— Required action —
Look through the records below for the line with "Vishudh Women Floral". Return that line and each one after it up to and including the line with "Merzouga Luxury Camp Eksteriør billede", exactly.

— Entries supplied —
__________
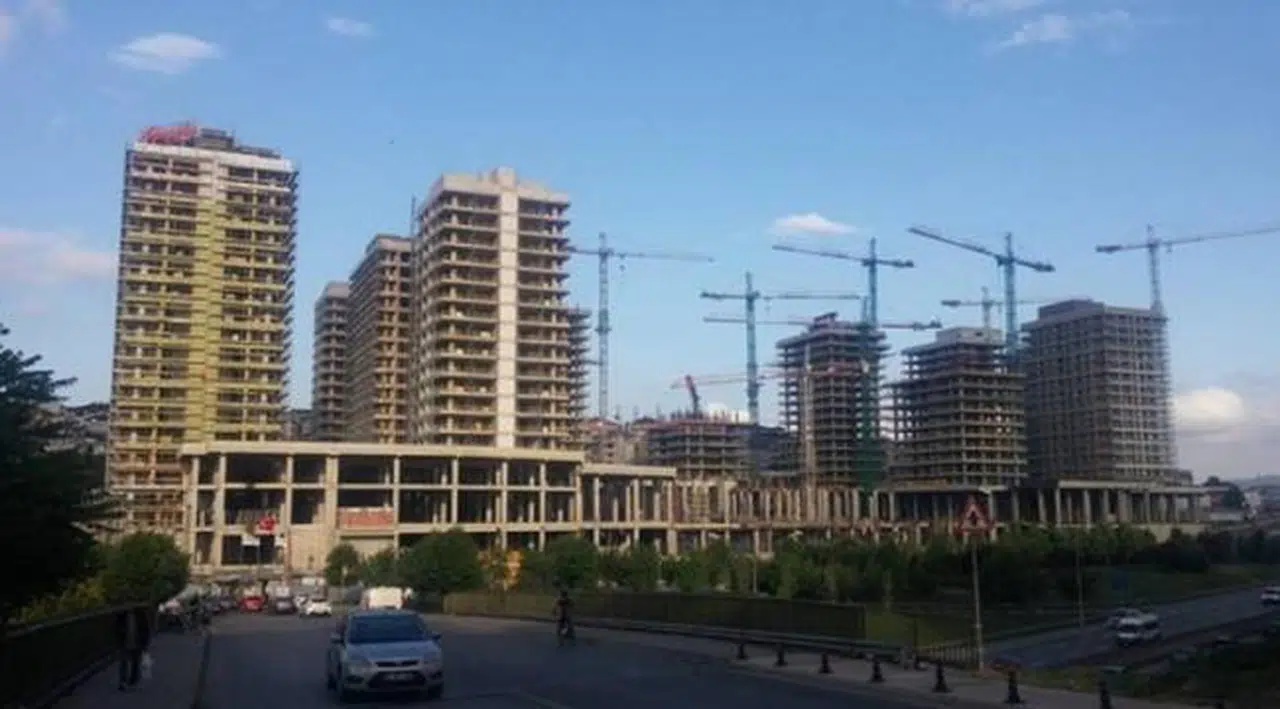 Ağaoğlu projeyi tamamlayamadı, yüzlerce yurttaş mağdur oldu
__________
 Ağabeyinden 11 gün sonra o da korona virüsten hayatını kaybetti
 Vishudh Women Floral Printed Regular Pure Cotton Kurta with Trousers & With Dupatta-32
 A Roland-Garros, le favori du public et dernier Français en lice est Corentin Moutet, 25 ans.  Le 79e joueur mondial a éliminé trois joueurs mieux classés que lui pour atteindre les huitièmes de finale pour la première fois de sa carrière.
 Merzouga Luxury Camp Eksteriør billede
__________
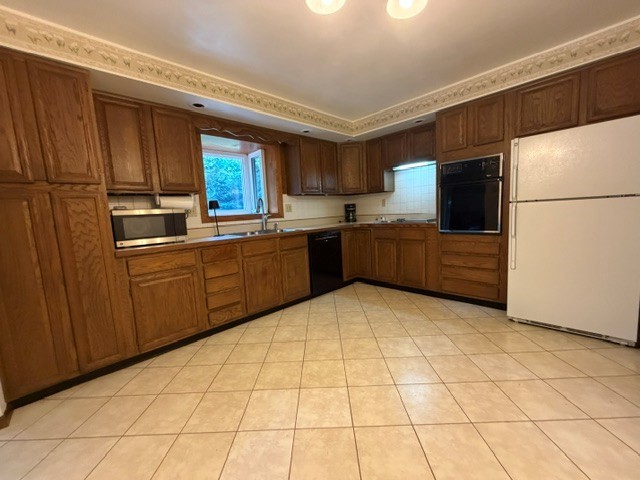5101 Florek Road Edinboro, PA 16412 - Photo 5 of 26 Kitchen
__________
— Expected output —
 Vishudh Women Floral Printed Regular Pure Cotton Kurta with Trousers & With Dupatta-32
 A Roland-Garros, le favori du public et dernier Français en lice est Corentin Moutet, 25 ans.  Le 79e joueur mondial a éliminé trois joueurs mieux classés que lui pour atteindre les huitièmes de finale pour la première fois de sa carrière.
 Merzouga Luxury Camp Eksteriør billede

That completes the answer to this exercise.